Since it’s the cheapest (hydroelectric power is not priced more than 4 cents in most jurisdictions in the world) among all sources of power, any incremental production gain in hydro power yields savings in the energy mix which has two imported sources of fuel: oil and LNG. Also, dams provide the much needed water storage country needs.

The National Electric Power Regulatory Authority (Nepra) reported that hydel power plants made the largest contribution to the total electricity production in November at 2,564 gigawatt hours (GWh), which was 16% more than 2,212GWh in the same month last year.

Besides, its share in total power production rose to 34% in Nov 2018 compared to 31% in the corresponding month of last year.

At present, Water and Power Development Authority (Wapda) owns 21 hydel power stations with cumulative generation capacity of 9,389 megawatts.

Federal Minister for Petroleum Ghulam Sarwar Khan announced the other day that the government had given priority to producing most of the electricity from hydel sources while production from alternative energy sources (wind, solar and bagasse) had been placed at the second place in the energy mix.

Power production from the cheaper and clean energy source – LNG – has been given third priority, coal fourth and the most expensive furnace oil has been given last place.

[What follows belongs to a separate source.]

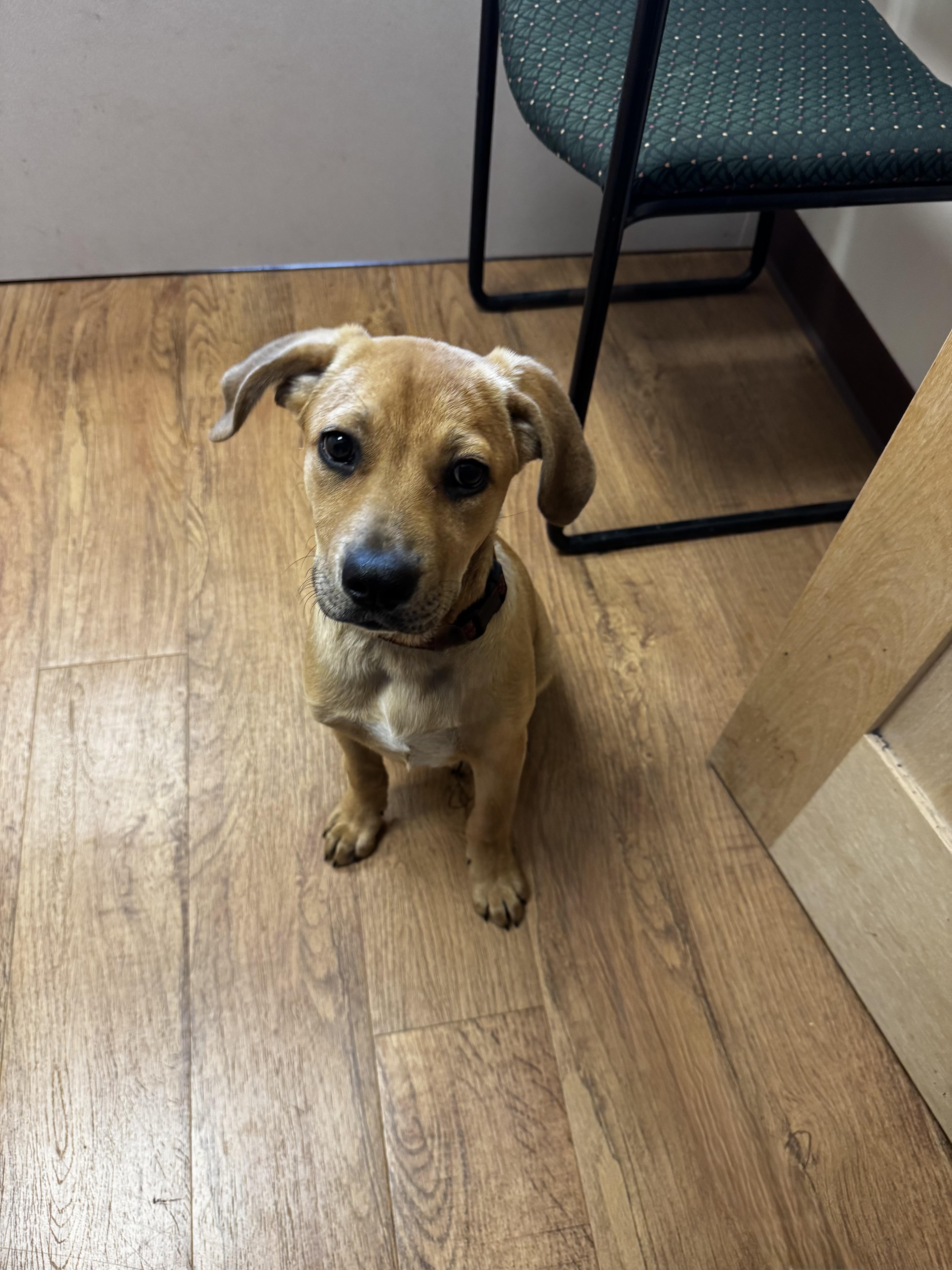 Amelia, an adopted mixed breed in Dodgeville, WI image 3/4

Accordingly, the government has minimized production from furnace oil to a nominal which would result in lesser import generating savings in foreign exchange.

Meanwhile, production from gas-fired power plants has surged notably after the previous government set up of mega power plants on imported gas in Punjab and made the second LNG import terminal (Pakistan LNG Terminals Limited) operational. The move allowed additional import of gas (LNG) at a time when the country, particularly its economy, needs cheaper and clean sources of energy.

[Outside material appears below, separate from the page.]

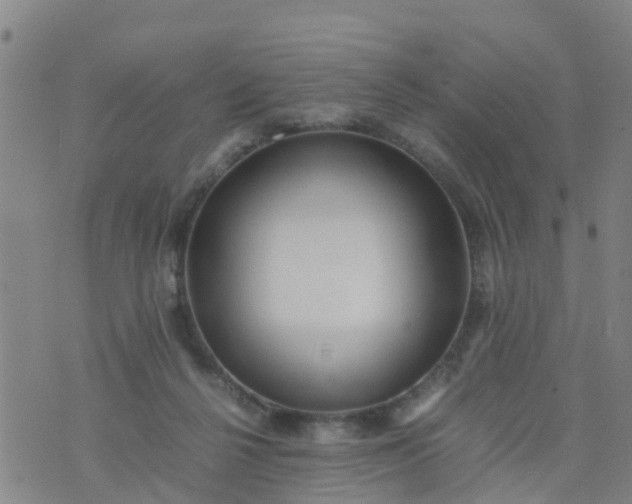 X0000074330264200609082039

The focus therefore has shifted on hydro: Khyber Pakthunkhwa Government has proposed seven mega projects for inclusion in CPEC and power evacuation from Chitral to Chakdar through a transmission line that after completion would help arrest energy and water problems.

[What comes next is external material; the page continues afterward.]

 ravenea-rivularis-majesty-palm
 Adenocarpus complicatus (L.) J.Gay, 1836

KP has signed MoU with Chinese companies for construction of these seven gigantic hydropower projects of 1978 MW proposed under CPEC in Chitral, reported APP citing officials in KP energy department.

KP has also completed 255 mini macro hydro-power projects and work on 67 others are in full swing in 12 northern districts of the province to provide inexpensive electricity to people.

Additionally, Chief Justice Saqib Nisar launched Dams fund in July–later Prime Minister Imran Khan joined him in his appeal to overcome the country’s water scarcity problem by building two dams: Diamer and Bhasha.

Construction work on the dams would commence respectively from February and May 2019. Once completed, the project will generate 4500 megawatt of electricity.

About $14 billion is required for the construction of these dams.

1 thought on “Cheap Hydel Power Poised to Take Lead in Pakistan’s Energy Mix

  1. That’s good initiative. Solar power plants in Baluchistan should also be considered. Solar power generation by installing PV panels on the irrigation canals as being done in India is also a viable option.